Art. 2 Si procederà in via spedita e sommaria, le sentenze non saranno soggette ad appello o revisione. In caso di pena capitale, prima della esecuzione dovrà interpellarsi il superiore governo.

Art. 3 Nel caso di procedura contumaciale, basterà una intimazione, in cui sarà prefisso al contumace il termine di dieci giorni a presentarsi, altrimenti si riterrà incorso in contumacia, e la causa sarà giudicata senza bisogno di altre formalità; la intimazione e la sentenza si affiggeranno alla porta dell'uditorio della Commissione e nei soliti luoghi della città di Velletri e di Frosinone.

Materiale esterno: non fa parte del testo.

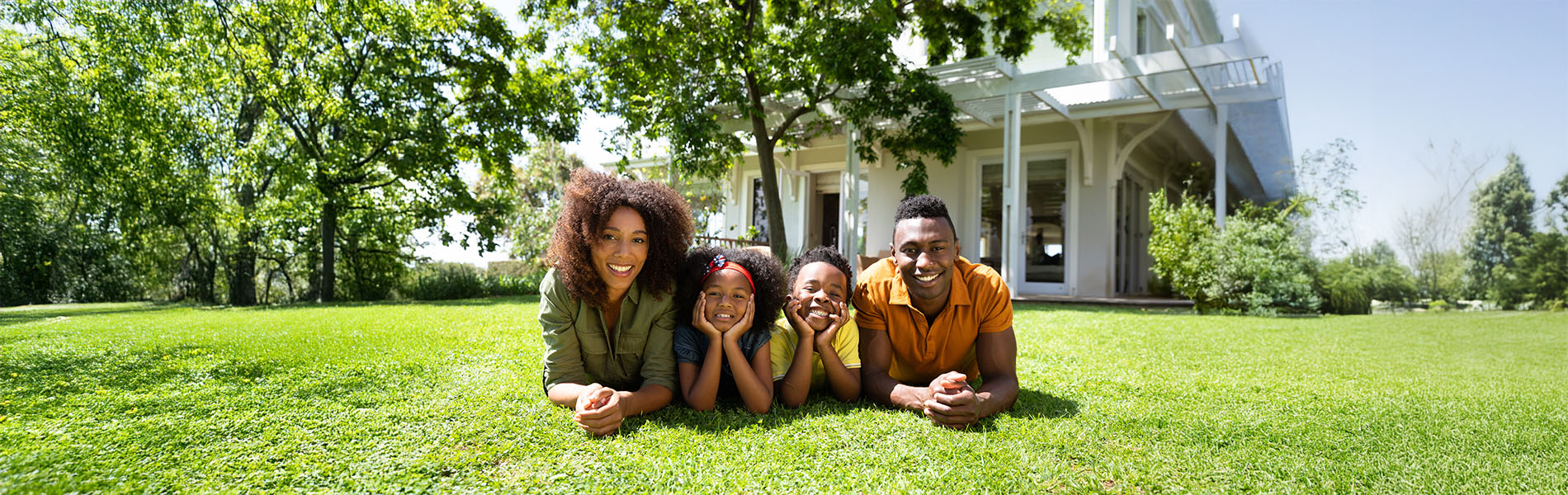 The image depicts a family of three sitting on grass in front of a church building under blue skies.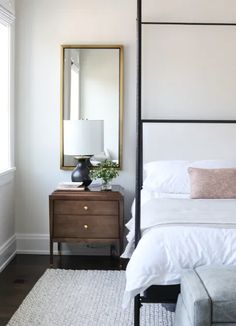 a bedroom with a bed, mirror and nightstand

Caduto il contumace in potere della giustizia sarà esaminato, e non adducendo ragioni concludenti a sua discolpa, la Commissione ordinerà la piena esecuzione della sentenza contumaciale; in caso diverso la Commissione prescriverà l'impinguamento degli atti, ed emanerà un nuovo giudizio egualmente spedito e sommario, come se il primo non fosse stato pronunciato.

Art.4 La riunione di soli tre briganti armati è considerata come conventicola, ed ai componenti la medesima è applicata la pena di morte colla fucilazione alle spalle.

Art. 5 Il brigante armato che non abbia appartenuto a conventicole, è punito colla galera perpetua.

Art. 6 I manutengoli, fautori, chi ha dato spontaneo ricetto, o somministrate armi, munizioni,denaro, viveri, vestiario e simili, ha dato avviso della stazione e dei movimenti della forza, e chiunque volontariamente sia per se, sia altrui mezzo, abbia in qualsivoglia modo fornito il brigantaggio, sono ritenuti complici, e come tali puniti, secondo le risultanze degli atti, con uno o due gradi minori della pena art. 4 e 5. Gli ascendenti e discendenti, la moglie ed altri congiunti fino al quarto grado di computazione civile, saranno puniti con pena minore di uno a quattro gradi ove si tratti di atti esclusivamente diretti alla salvezza personale.

Art. 7 I briganti e i complici non godranno il beneficio dell'immunità locale, e le pene di sopra comminate saranno applicate anche ai forestieri, nonostante il disposto degli art. 3 e 5 del regolamento sui delitti e sulle pene.

Art. 8 A chiunque eseguirà il fermo di un brigante verrà accordato il premio di Scudi Cinquecento; se fosse capobanda il premio sarà di Scudi Mille. Questo premio sarà pure accordato alla forza, che avrà arrestato od ucciso un brigante; ed ove ciò avesse luogo in seguito a denuncia, si preleverà a favore del denunciante un quinto del premio.

Art. 9 Ai briganti che nello spazio di quindici giorni dalla data del presente editto, si costitui

ranno spontaneamente nelle carceri del governo è garantita la salvezza della vita.

Dal Palazzo Apostolico di Frosinone il 17 dicembre 1865

Per i briganti la durissima reazione del loro unico alleato rappresentò in pratica la fine della facile impunità e del sicuro asilo. Il cerchio prese così a stringersi progressivamente ed inesorabilmente, e la soluzione finale non si sarebbe fatta lungamente attendere se la temuta guerra non fosse intervenuta a stravolgere i rapporti di forza istauratisi -ed indispensabili alla neutralizzazione del brigantaggio - e la stessa dinamica sociale approssimativamente ristabilita.